• **RAW DATA**:
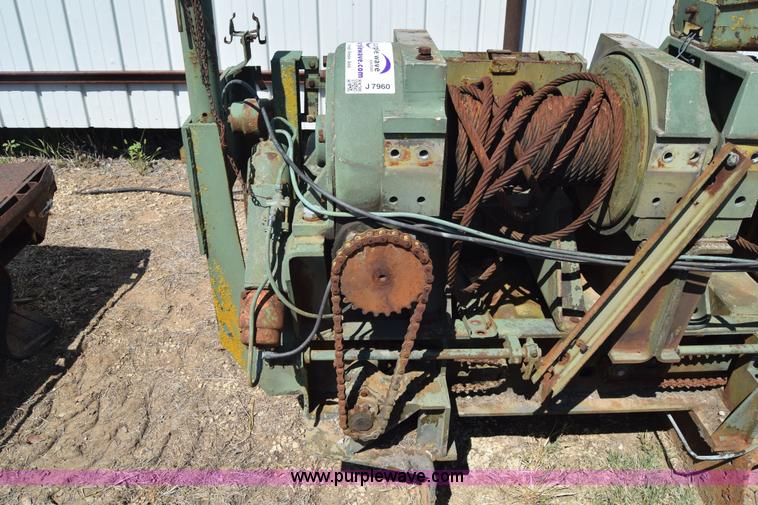 image for item J7960 Tulsa military winch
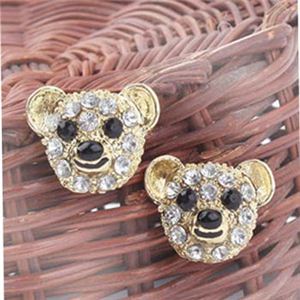 シンプルで大人っぽいスタイルにぴったり デザインピアス
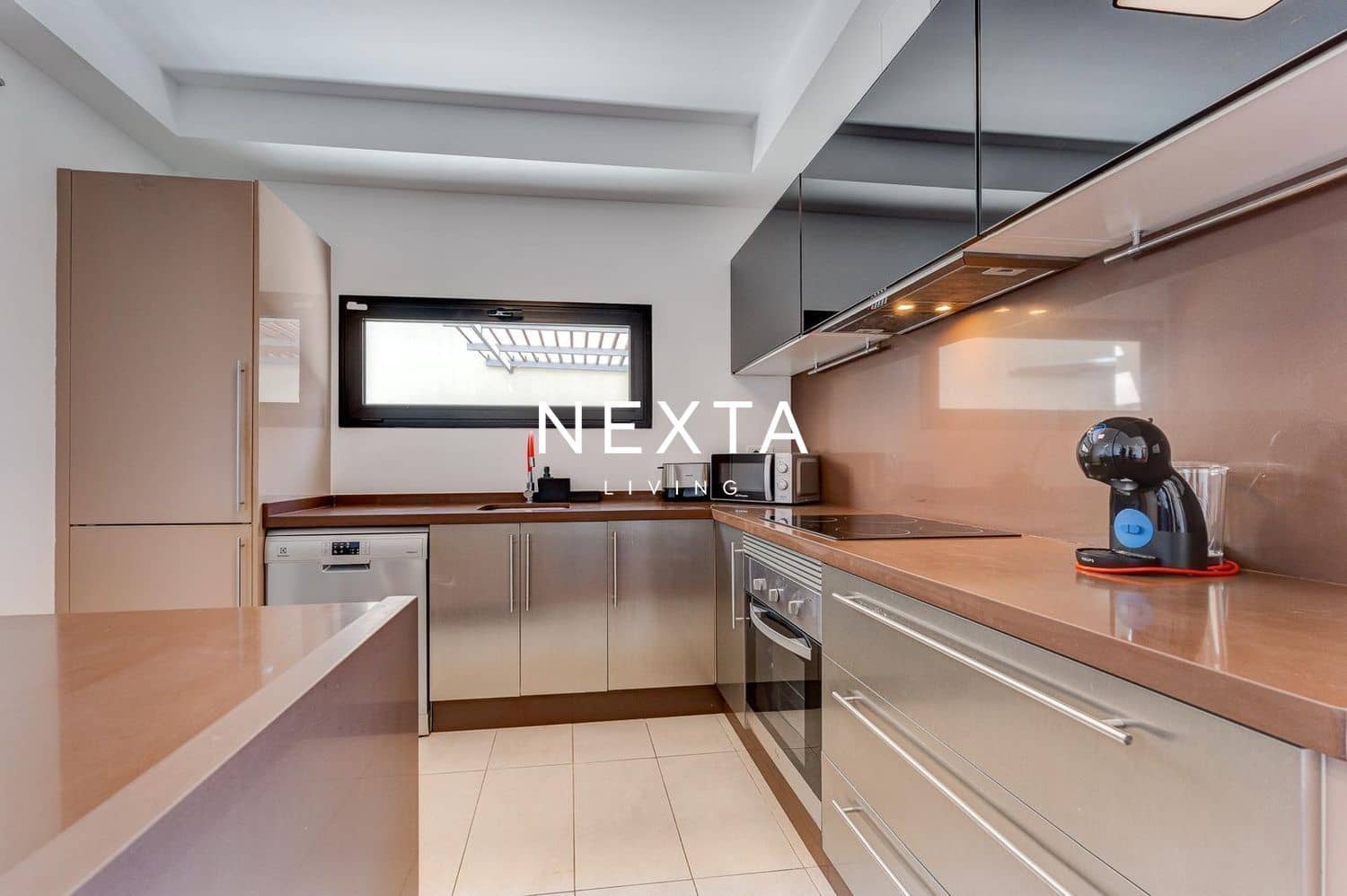 4 bedroom Villa for sale in Costa Adeje with pool garage - € 1,475,000 (Ref: 10170414)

• **DESCRIPTION OF THE TASK**: Retype the data above exactly. Do not carry over any images.

• **RESPONSE BOX**:
 image for item J7960 Tulsa military winch
 シンプルで大人っぽいスタイルにぴったり デザインピアス
 4 bedroom Villa for sale in Costa Adeje with pool garage - € 1,475,000 (Ref: 10170414)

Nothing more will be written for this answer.